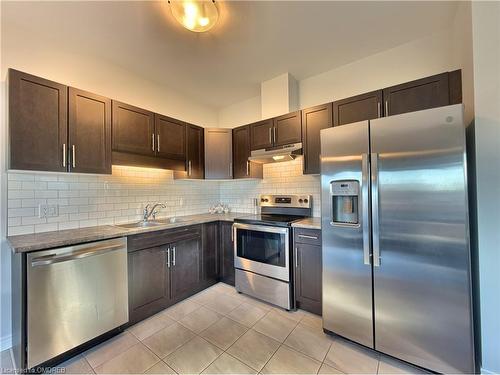 164 Sunflower Place, Welland, ON - Indoor Photo Showing Kitchen With Stainless Steel Kitchen With Double Sink With Upgraded Kitchen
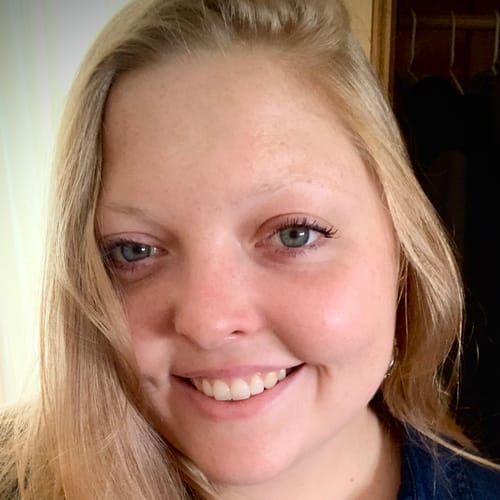 Headshot of Jacki Nadeau, LC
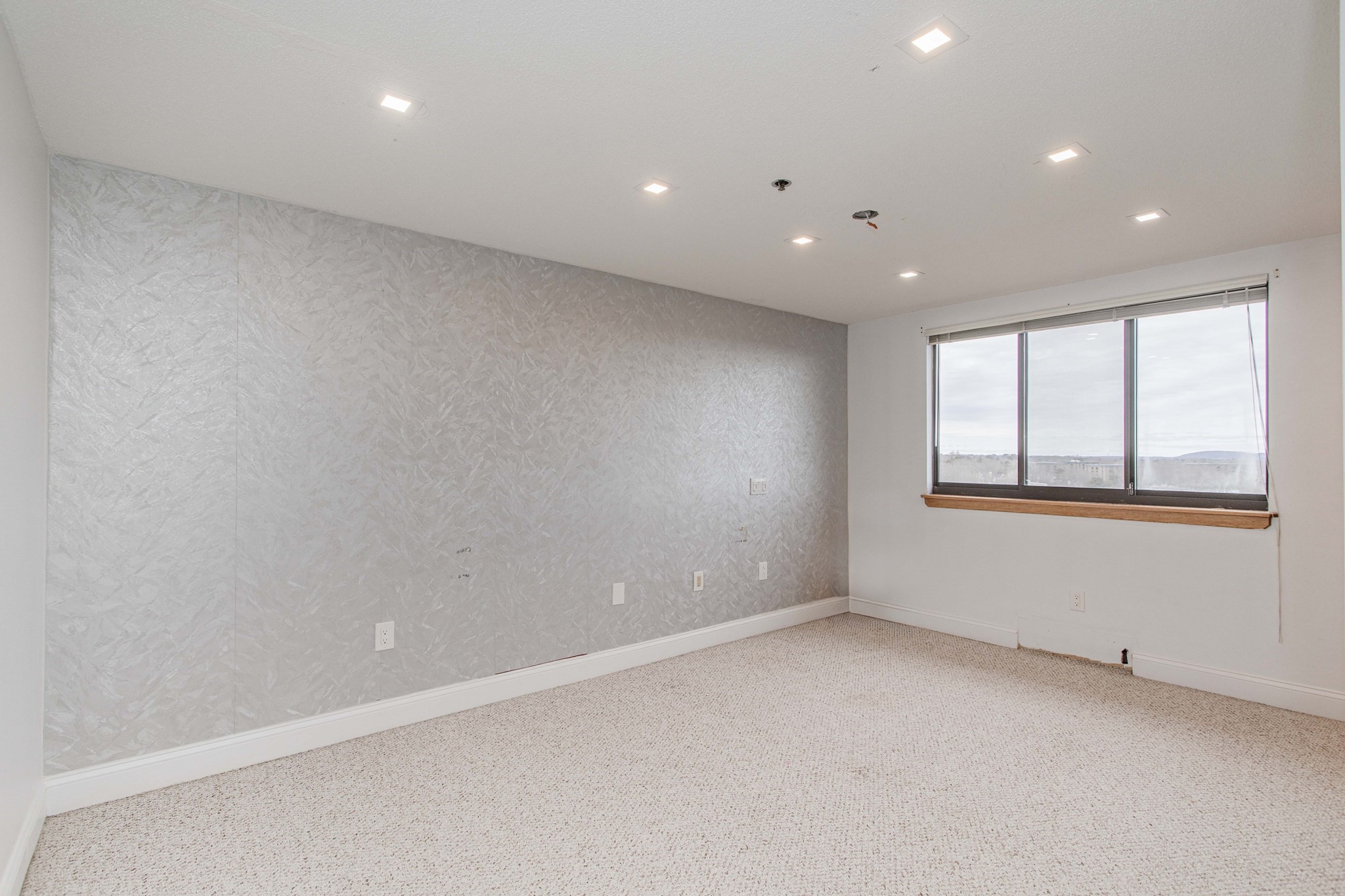 200 Burkhall Street Unit 807, Weymouth, MA 02190 - Image 28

##############################

**Requirement**
Once the pictures are removed, repeat all of the data above exactly.

**Problem solution**
 164 Sunflower Place, Welland, ON - Indoor Photo Showing Kitchen With Stainless Steel Kitchen With Double Sink With Upgraded Kitchen
 Headshot of Jacki Nadeau, LC
 200 Burkhall Street Unit 807, Weymouth, MA 02190 - Image 28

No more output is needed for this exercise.